Occultée au second plan par le remaniement ministériel, ce n’est pas autant que la dernière sortie en date du 8 septembre 2023 du Directeur des cultes, le Lieutenant-Colonel Bédiani Béléi, est passée dans l’opinion comme une lettre à la poste. Après le décryptage de la nouvelle équipe gouvernementale, le sujet sur la réglementation des nuisances sonores et de l’interdiction de l’implantation de nouveaux lieux de culte revient sur la table de discussion.

Tout d’abord, cette sortie suscite un débat à savoir si le Directeur des cultes est habilité à travers une simple lettre à réglementer un domaine encadré par la loi ? En effet, au Togo la liberté religieuse et de culte est reconnue par la Loi fondamentale.

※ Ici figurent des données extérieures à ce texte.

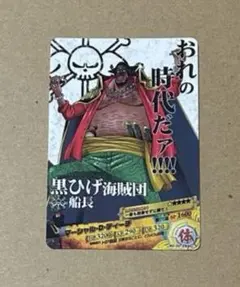 ワンピーベリーマッチ ティーチ 黒ひげ　ワンピース　ONE PIECE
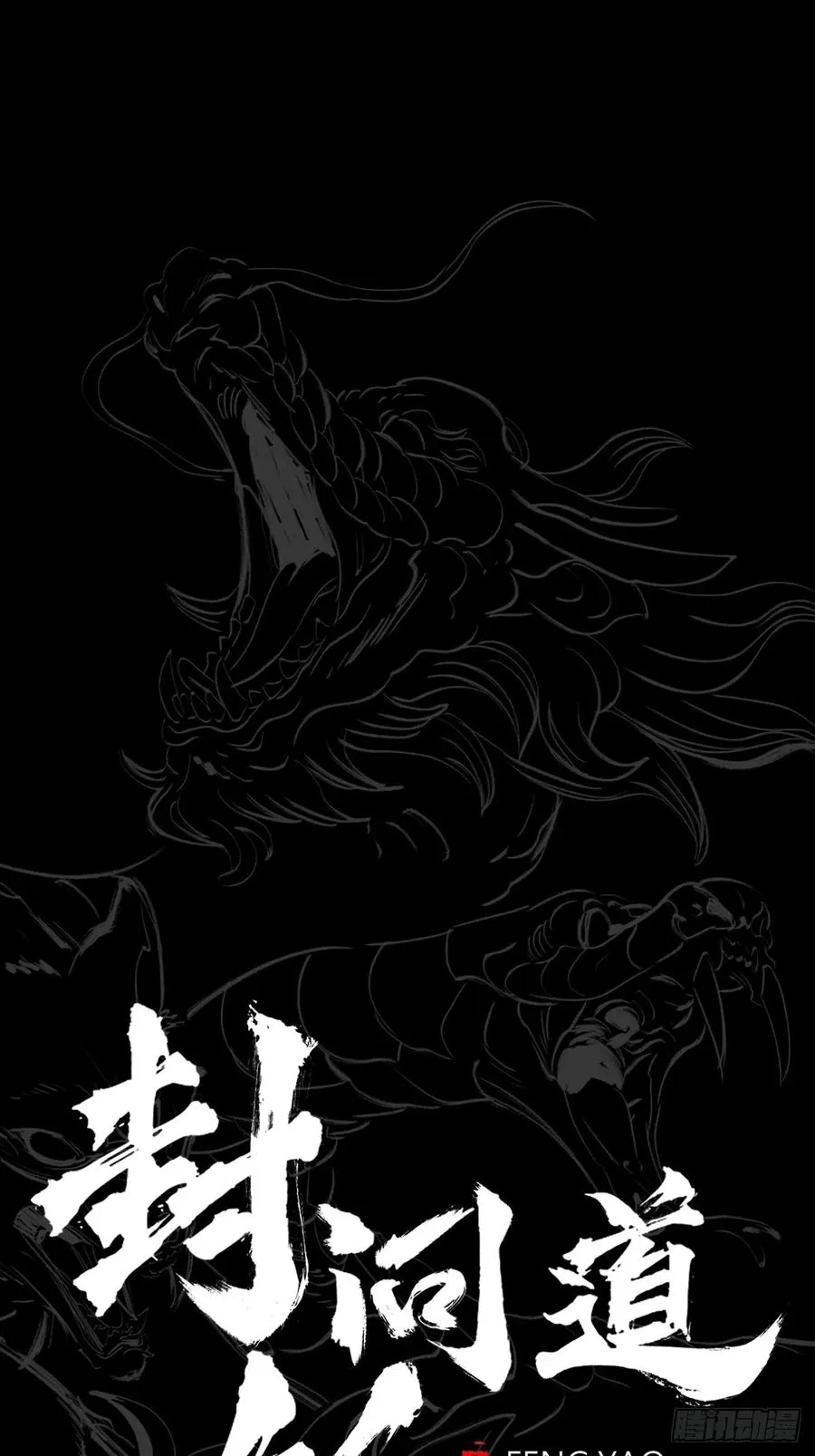 寒雪别友10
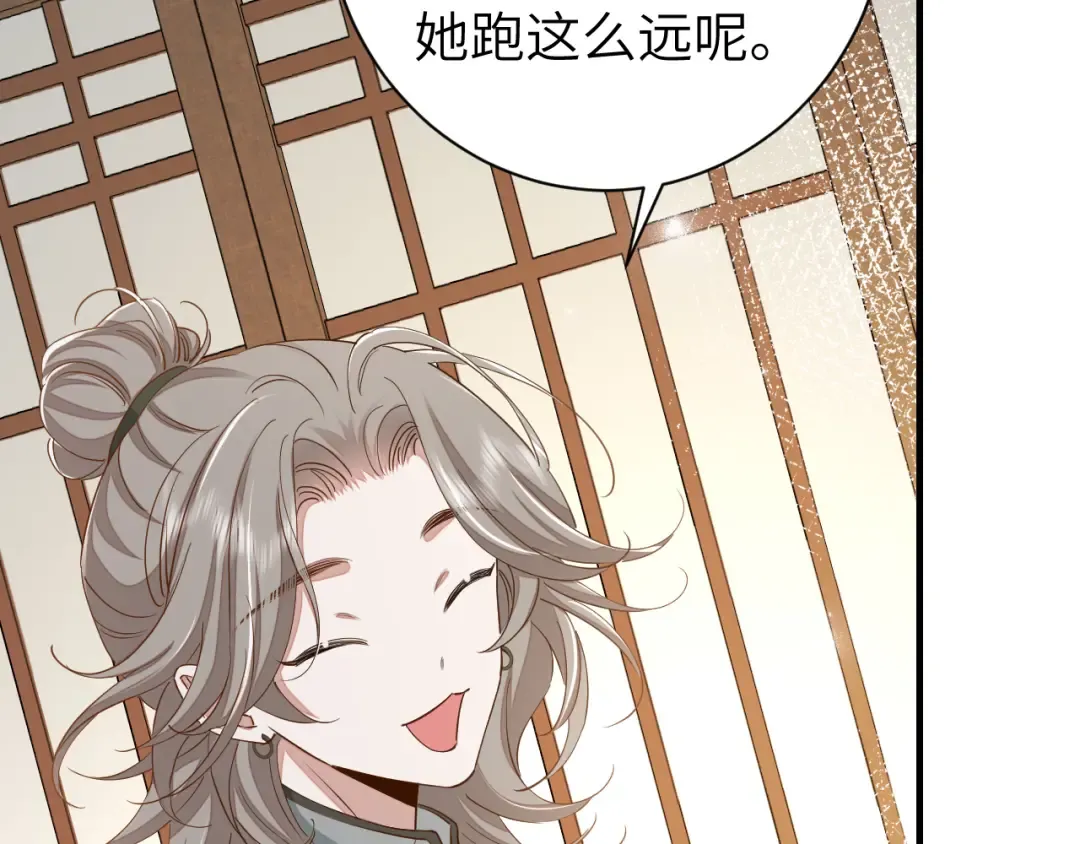 第160话 她的信… 第26页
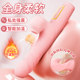 Nazha Vibrating Wand, Swinging Type, Female Masturbation Device, Adult Sex Toy, Orgasmic Device, Sex Toy, Clitoral Device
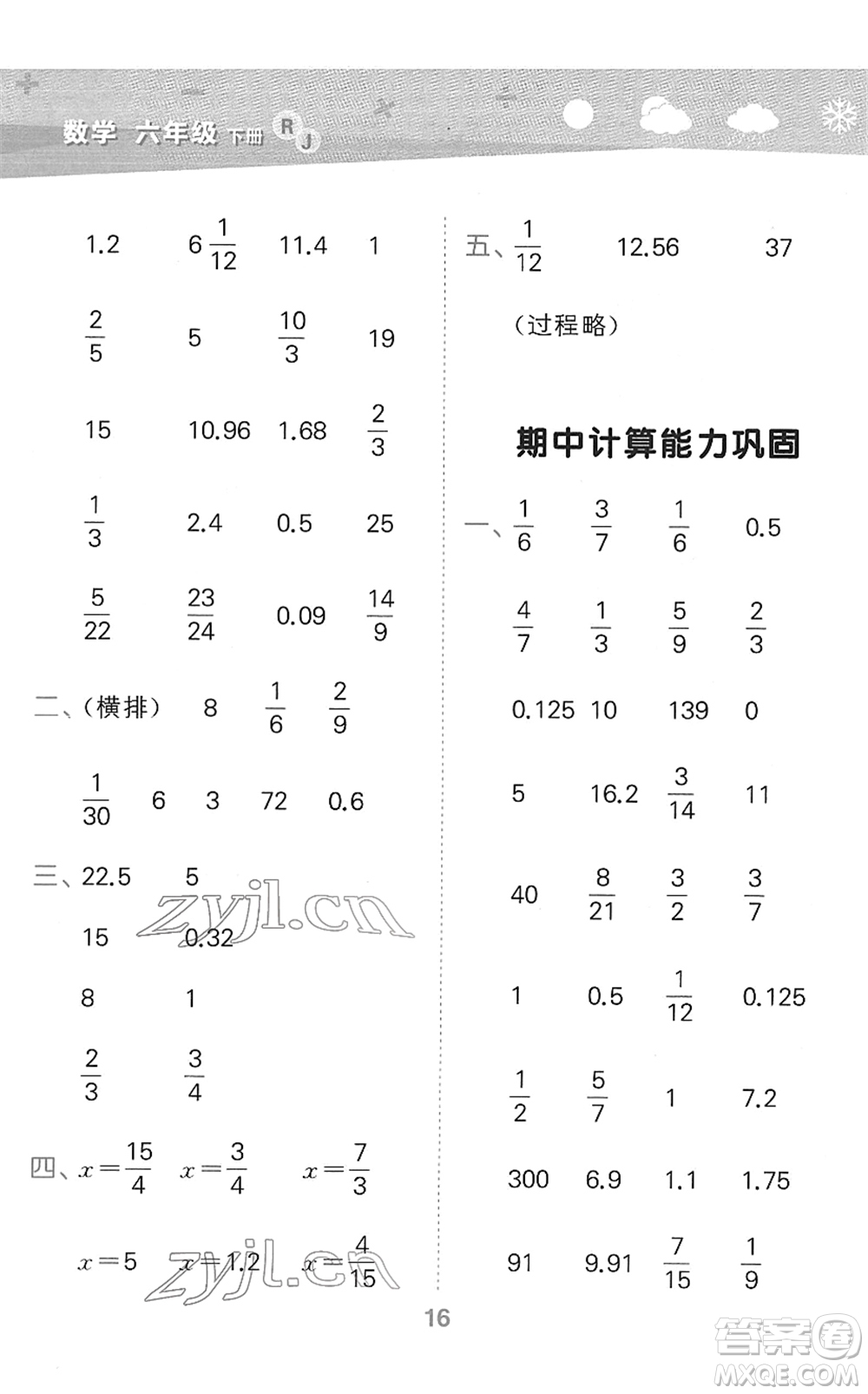 教育科學(xué)出版社2022小學(xué)口算大通關(guān)六年級數(shù)學(xué)下冊RJ人教版答案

Et elle est encadrée par des textes.

TOGOCOM

« Une note ne peut légiférer dans ce domaine », argumente une fidèle d’Eglise dite de réveil. « Non ! il ne s’agit pas de légiférer mais le Directeur des cultes n’a fait que rappeler une précédente décision prise par son supérieur, le ministre de l’Administration territoriale », rétorque un journaliste spécialiste des questions juridiques. Et donc pour ce dernier, il n’y a pas débat en la matière.

« Il n’appartient pas à l’autorité de nous dire quel jour et jusqu’à quelle heure nous devons-nous réunir. Il s’agit d’une intrusion inacceptable dans la vie des confessions religieuses. Ces dernières sont en droit de fixer les jours de leur adoration sans une imposition de l’Autorité. Nulle part ailleurs, l’Etat ne s’est immiscé dans ces choix », argumente Agbemavi, un pasteur d’église de réveil.

Mais le Pasteur Edoh Komi, le président du Mouvement Martin Luther King clarifie la sortie du Directeur des cultes. « Il n’y a pas d’interdiction de culte en semaine mais c’est des activités en inter-semaine qui doivent être exercées sans les instruments sonores. Il n’est pas interdit de faire des cultes en semaine mais il doit se faire sans les instruments sonores, sans les instruments de musique », précise-t-il tout soulignant qu’ils adhèrent à la mesure.

Comme lui de façon générale, les hommes de Dieu approuvent dans le fond la mesure. Même s’ils reprochent de n’avoir pas été associés et trouvent qu’il faut y aller par pédagogie.

« Je crois qu’il est bon de temps en temps de rappeler à l’ordre les responsables des églises car parmi eux, il y a certains qui ne comprennent rien et exagèrent vraiment. Mais on ne doit pas les traiter comme des enfants. Le directeur des cultes ferait mieux d’organiser des séminaires pour mieux les sensibiliser au lieu de pondre de tels communiqués », avance l’Evangéliste Habib Barth Afolabi, directeur de publication du magazine chrétien « Maranatha ».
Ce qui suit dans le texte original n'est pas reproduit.